Records contained in a dataset

═══

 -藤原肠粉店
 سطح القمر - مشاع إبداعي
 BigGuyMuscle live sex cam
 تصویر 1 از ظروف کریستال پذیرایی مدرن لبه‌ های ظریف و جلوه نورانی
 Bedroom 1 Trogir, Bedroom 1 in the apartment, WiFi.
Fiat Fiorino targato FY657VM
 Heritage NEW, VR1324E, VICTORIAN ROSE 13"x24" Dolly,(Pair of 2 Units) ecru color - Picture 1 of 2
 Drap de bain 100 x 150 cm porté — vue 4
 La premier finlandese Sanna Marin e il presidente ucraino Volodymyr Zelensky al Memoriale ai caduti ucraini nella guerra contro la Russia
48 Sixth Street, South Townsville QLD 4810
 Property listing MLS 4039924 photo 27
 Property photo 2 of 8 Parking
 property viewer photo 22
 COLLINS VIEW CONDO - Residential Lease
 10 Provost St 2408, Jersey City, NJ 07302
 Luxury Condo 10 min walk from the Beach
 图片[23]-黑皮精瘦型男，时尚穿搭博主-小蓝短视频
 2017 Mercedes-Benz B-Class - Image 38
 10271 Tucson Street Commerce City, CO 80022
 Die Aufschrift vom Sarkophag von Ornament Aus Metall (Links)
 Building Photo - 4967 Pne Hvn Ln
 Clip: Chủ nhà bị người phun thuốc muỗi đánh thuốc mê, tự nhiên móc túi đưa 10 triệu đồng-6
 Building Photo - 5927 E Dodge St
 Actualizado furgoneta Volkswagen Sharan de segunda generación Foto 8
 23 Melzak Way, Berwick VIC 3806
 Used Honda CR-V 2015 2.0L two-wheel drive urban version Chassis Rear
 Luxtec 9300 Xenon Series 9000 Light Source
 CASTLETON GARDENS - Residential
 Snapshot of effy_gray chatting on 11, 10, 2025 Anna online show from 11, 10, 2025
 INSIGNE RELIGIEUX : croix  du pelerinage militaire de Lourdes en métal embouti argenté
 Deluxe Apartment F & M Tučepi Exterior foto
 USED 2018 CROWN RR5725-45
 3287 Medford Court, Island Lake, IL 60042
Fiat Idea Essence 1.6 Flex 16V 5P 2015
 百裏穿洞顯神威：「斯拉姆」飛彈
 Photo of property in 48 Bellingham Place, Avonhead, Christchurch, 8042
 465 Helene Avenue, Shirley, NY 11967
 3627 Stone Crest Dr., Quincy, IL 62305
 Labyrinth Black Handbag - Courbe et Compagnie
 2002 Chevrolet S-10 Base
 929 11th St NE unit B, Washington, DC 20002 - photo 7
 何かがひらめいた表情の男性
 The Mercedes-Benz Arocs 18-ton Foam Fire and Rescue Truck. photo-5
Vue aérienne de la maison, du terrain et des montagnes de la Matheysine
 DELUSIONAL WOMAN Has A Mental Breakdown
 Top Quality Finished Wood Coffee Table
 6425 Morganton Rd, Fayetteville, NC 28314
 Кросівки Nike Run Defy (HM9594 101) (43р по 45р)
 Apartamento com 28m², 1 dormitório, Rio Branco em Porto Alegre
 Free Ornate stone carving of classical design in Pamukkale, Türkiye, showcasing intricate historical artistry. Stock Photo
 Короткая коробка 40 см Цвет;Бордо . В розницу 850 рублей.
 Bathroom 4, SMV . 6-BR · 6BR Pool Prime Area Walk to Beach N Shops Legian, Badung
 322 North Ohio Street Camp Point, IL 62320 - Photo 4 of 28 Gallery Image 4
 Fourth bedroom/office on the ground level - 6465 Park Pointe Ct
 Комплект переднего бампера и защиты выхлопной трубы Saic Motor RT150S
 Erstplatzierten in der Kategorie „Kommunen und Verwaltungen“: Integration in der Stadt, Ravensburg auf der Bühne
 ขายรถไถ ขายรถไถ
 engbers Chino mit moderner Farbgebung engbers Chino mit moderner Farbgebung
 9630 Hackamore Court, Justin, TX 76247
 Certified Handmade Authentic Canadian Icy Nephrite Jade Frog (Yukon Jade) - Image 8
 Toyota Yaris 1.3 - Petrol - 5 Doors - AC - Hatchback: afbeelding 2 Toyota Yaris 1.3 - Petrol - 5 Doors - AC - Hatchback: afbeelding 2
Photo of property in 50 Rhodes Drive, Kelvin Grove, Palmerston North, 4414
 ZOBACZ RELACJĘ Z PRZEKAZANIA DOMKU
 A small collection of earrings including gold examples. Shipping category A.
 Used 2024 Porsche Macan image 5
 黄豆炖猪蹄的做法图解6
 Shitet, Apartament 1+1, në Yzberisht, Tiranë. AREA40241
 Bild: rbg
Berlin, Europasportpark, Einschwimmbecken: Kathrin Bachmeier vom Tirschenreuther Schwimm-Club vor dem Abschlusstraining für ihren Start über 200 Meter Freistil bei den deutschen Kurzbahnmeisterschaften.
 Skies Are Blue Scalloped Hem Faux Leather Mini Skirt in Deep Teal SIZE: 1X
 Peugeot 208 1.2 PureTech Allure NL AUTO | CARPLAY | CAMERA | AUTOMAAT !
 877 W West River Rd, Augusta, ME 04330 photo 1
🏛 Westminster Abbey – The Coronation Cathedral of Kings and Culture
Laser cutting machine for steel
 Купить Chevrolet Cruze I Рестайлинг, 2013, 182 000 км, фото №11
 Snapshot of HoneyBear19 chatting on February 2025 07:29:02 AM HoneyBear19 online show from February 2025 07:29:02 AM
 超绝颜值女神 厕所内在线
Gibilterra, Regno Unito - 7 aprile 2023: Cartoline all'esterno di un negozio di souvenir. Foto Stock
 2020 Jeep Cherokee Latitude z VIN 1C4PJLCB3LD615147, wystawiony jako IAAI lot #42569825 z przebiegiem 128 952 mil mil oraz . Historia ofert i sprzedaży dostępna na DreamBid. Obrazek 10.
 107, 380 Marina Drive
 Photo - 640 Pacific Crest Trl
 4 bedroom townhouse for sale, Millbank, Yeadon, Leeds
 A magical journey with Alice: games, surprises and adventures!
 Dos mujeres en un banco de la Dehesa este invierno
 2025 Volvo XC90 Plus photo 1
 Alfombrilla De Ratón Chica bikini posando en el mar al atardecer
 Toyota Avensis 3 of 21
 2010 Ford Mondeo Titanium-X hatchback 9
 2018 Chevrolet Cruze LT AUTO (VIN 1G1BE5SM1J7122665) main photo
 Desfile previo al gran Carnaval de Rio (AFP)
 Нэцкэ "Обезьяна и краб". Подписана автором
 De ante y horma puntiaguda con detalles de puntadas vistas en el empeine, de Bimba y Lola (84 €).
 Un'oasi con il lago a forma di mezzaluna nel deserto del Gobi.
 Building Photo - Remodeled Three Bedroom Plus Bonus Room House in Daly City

═══

● TASK DETAILS
Work out how many lines in the records include "Mercedes". Only the number should be given.

● EXERCISE RESPONSE
2